04/04/2012 2:00 pm EST

Focus: STRATEGIES

Evan Lazarus

Editor, Wyatt Investment Research

By using less-common time frames like on a 13-, 34-, or 55-minute chart, Evan Lazarus gets the same, accurate chart picture, but takes advantage of slightly different entry and exit points.

One of the things traders are always asking other traders is what time frames they are watching to get a good view of the markets. Our guest today is Evan Lazarus of T3Live, and he’s going to talk about the time frames he watches.

So Evan, you have some interesting time frames that are a little bit different from what most people watch. What are they?

Well, my time frames are different only because I’ve never been a believer in the herd mentality.

I think that as traders talk traditional technical analysis, they’re generally taught certain time frames to look at. Daytraders, or short-term traders, look at five- and 15-minute charts; swing traders will look at 30-minute charts, 60-minute charts, and daily charts, and that’s fine and well.

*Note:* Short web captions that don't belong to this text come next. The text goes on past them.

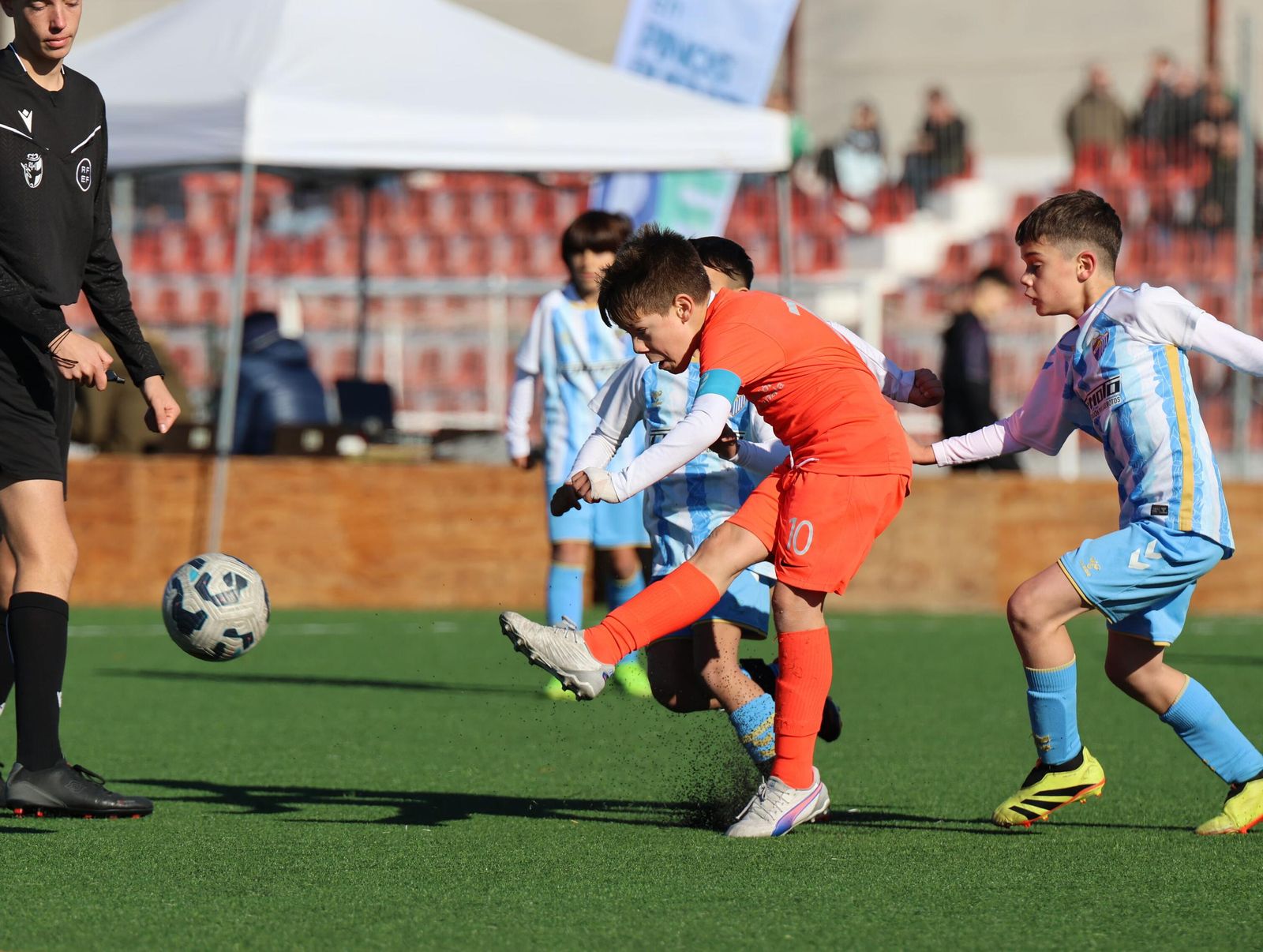 Las mejores imágenes de la jornada final del Torneo Benjamín de Pinos Puente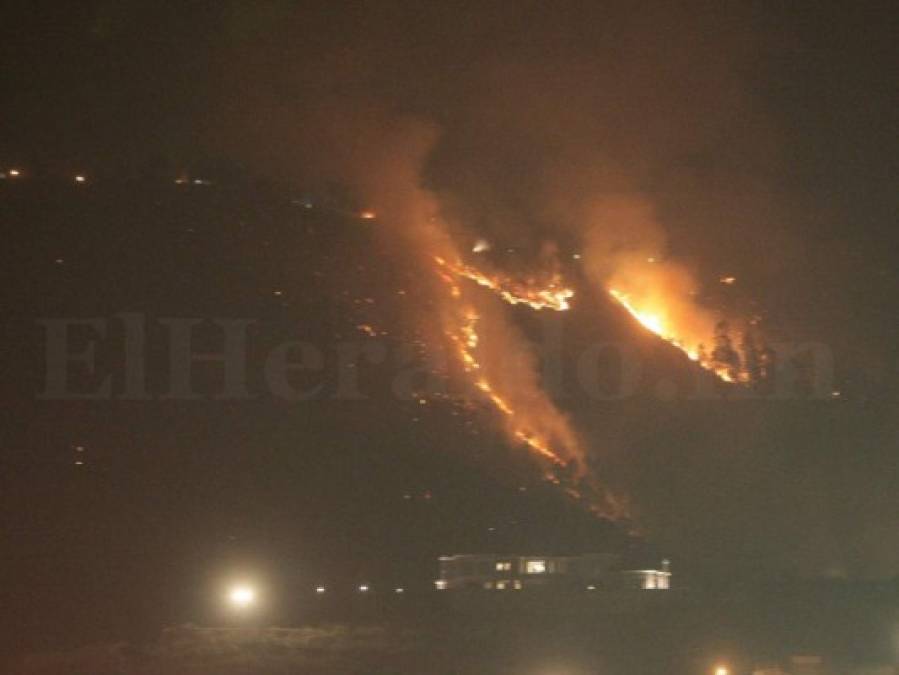 Impactantes imágenes del incendio forestal en El Picacho en Tegucigalpa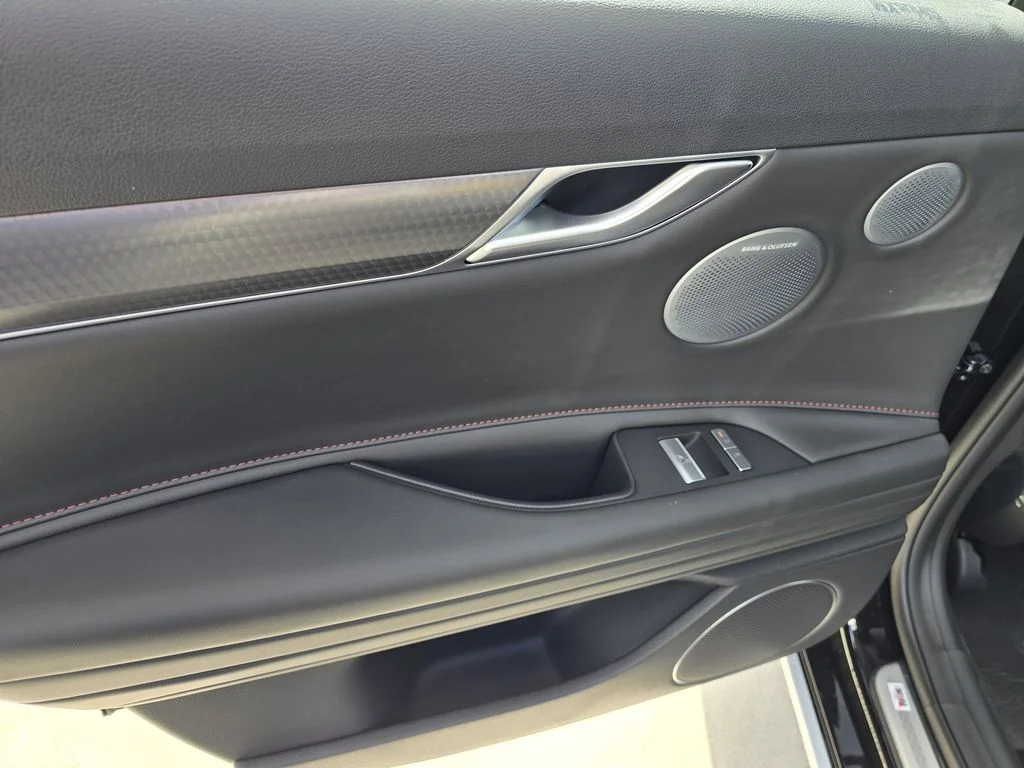 Used 2025 Black Genesis 2.5T image 13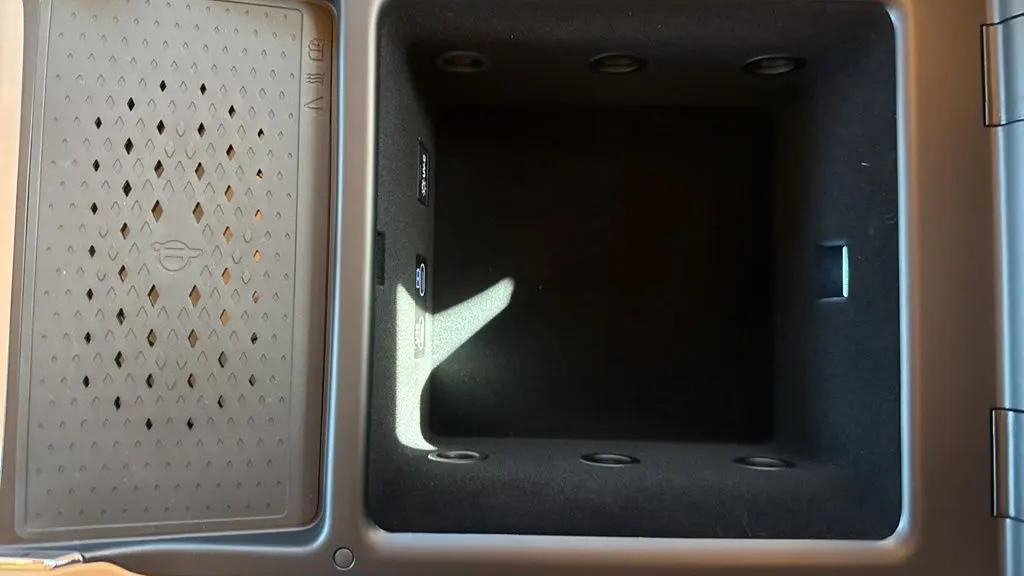 2026 Genesis G90 3.5T e-Supercharger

What I’ve done is I basically used the same concept, I’ve just altered the numbers slightly, and the time frames I’ll generally look at, and if I’m in, let’s say, a daytrade, instead of looking at a five and a 15, I’ll look at a five-minute chart and a 13-minute chart.

If I’m in something beyond a daytrade or swing trade, or a position, I’ll look at a 34-minute chart, a 55-minute chart, a daily chart, and a weekly chart.

The reason that I’ve altered the numbers is only because I’m a big believer in the Fib sequence, which is all about harmony in the marketplace, so those numbers are all in accordance with that sequence.

See related: Fibonacci Analysis: Master the Basics

Moreover than that, I find that by altering the time frames ever so slightly, so use a 13-minute chart instead of a 15-minute chart, that same 13-minute chart will show me a strong stock, just as it would on a 15-minute chart, but my points of entry are slightly different than everybody else.

When you’re buying a 15-minute high, or a five-minute high, or a 30-minute high, I’m buying a 13-minute high, or a 34-minute high, so it takes the “noise” that you see out of prices.

Sometimes when everybody’s looking at the same prices and the same time frames, you get this sort of “mushroom cloud,” and there’s a lot of chaos and activity, so I’ve just slightly altered it, and it’s just creating a little bit of edge for myself that I wouldn’t necessarily have otherwise.

Are you one of those traders who use very plain charts—price only, maybe some volume—or do you use indicators as well?

I try and keep it simple. I’m a big believer in simplicity. I think that the more indicators and oscillators and moving averages and all these things that you look at, the easier it is for you to overcomplicate the process that should be simply, up, down, or sideways.

I look at candlestick charts, I look at volume, and I’ll look at two or three key moving averages like an eight-period exponential moving average (EMA), a 21-period EMA, and in uptrends or downtrends, I’ll look to buy pullbacks into those rising averages.

I really keep it simple, because the business of trading is hard enough as it is, and if you make the process overcomplicated, you’re going to lose your ability to think rationally about a trade.